Ross Bale MBCS discusses why most pre-employment checks do not work and why IT professionals could be at risk.

Despite the growing concern over external cyberattacks against organisations, no doubt amplified by the media reporting on attacks against well-known companies such as Microsoft Xbox, eBay and TalkTalk, the reality is that most organisations are more susceptible to inadvertent or malicious disclosure of sensitive information by employees, contractors or visitors than a cyberattack.

This is confirmed by statistics published in the 2013 IBM Global Reputational Risk and IT Study where 43 per cent of C-Level executives were reported as saying that negligent insiders are the greatest threat to sensitive data.

It is, therefore, of vital importance that people working for, and in, an organisation are carefully selected, managed and monitored to protect the organisation’s information resources. However, in reality, most corporate pre-employment checks and processes are ineffective.

Check limitations

Most companies in the UK carry out identification checks required by law, typically by obtaining evidence of the potential employee’s identity and right to work in the UK, by taking a photocopy or scanned image of their passport and National Insurance Number.

Some employers will go further by carrying out a criminal records check to ensure that the person that they are employing does not have any spent or unspent convictions. However, this should provide very little assurance to the potential employer, as it will not show offences carried out whilst abroad, and it will not indicate whether there are other areas of concern not covered as part of the criminal records check.

This latter point is of much greater importance to potential employers as the criminal records check will not show cases of misconduct against a previous employer. In most cases, unless the employee has committed a serious act of fraud or violence against a fellow employee that constitutes a criminal offence, most companies will simply dismiss the miscreant rather than involve the police, therefore it is entirely possible that whilst the applicant has no criminal background, they could have carried out serious wrongdoing against an employer in the past.

The criminal records check also does not take into account potential warning indicators of the employee’s financial background which could render them more susceptible to bribery or coercion from external third parties, such as organised crime groups.

Fuller checks

Detailed screening of all potential employees against an established Code of Practice, such as British Standard BS7858 (or Baseline Personnel Security Screening in the public sector), provides a far more robust and fuller picture of the person that the organisation is looking to hire. These checks can be performed in-house, or more commonly, by specialist third party service providers.

The check will typically cover the previous three, five or ten year’s employment history, based on the sensitivity or risk of the post being recruited for, in addition to an enhanced criminal records check and basic credit check. The organisation carrying out the check will write to all previous employers asking them to confirm that the information provided is accurate and it could also highlight potential risk factors, such as long periods of unexplained absence.
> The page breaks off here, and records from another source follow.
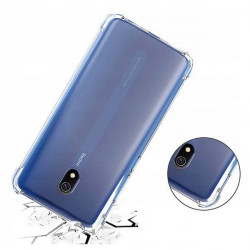 ETUI ANTI-SHOCK NA TELEFON XIAOMI REDMI 8 TRANSPARENT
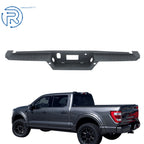 Rear Bumper Step Pad Cover for Ford F150 (2021–2023)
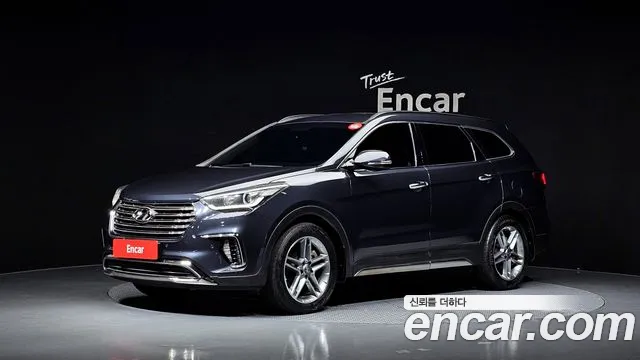 Hyundai Maxcruz 2016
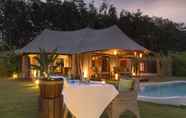 ร้านอาหาร 7 9 Hornbills Tented Camp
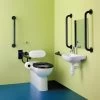 Armitage Shanks Contour 21 Back To Wall Doc M Pack RH S0686 -Bathroom Promotion armitage shanks s0686ac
Once implemented, background screening should be mandatory for all personnel within an organisation, and should be considered the norm, rather than the exception.

The same level of screening should extend to professional contractors, especially staff provided as part of a service contract, such as cleaners and security officers, who may have unescorted or unsupervised access to office spaces where sensitive information may be present - these people are often not subjected to the same level of checks or scrutiny as employees, but arguably have the same if not greater access to printed or digital sensitive material whilst working within the organisation, as they are often working when there are fewer employees to monitor what they are doing.

Thorough screening and interviewing processes will naturally increase the quality of the people being hired as this will reduce the risk of hiring a potential problem employee and is the most effective way of preventing crime. However it is also possible that people may have no history or warning indicators when they commence employment.

Ongoing monitoring and awareness

Line managers and heads of department should also be trained to detect changes in people’s working patterns, attitudes or behaviour, which seem out of character for the employee.

These observations should be recorded and monitored as potential early warning signs that something may be wrong - this could be something as simple as a perceived disparity within a team or department on working conditions, salaries, or being overlooked for a promotion, through to more concerning issues, such as being overly secretive or withdrawing from a team dynamic, which could indicate coercion, or being threatened by external sources such as organised crime gangs.

The potential risk for IT professionals

IT professionals, specifically support engineers and system administrators usually have privileged access to all corporate network or data resources and hence may be targeted by external groups, such as organised crime gangs, or groups seeking to commit corporate or state sponsored espionage by recruiting an existing employee to obtain data on their behalf.

Entry-level positions (especially temporary or contract positions), such as IT system administrations, typically require minimal qualifications and may be an easy route into an organisation for someone planning to attack an organisation at a later time.

Basic procedures and best practice can protect IT professionals and mitigate the associated risks. This could include such procedures as requiring IT professionals to have a separate administrative account - thereby requiring the user to make a conscious decision to login with the administrative account; segregating access to data and systems so that no one single person has full access to everything; robust change control procedures so that any configuration changes that may have an impact on security are formally checked and approved prior to implementation; regular monitoring of access logs and audit trails; as well as ensuring that people only have access to the data and systems necessary to perform their job role and function, rather than by seniority, and regularly reviewing access, revoking it when no longer necessary.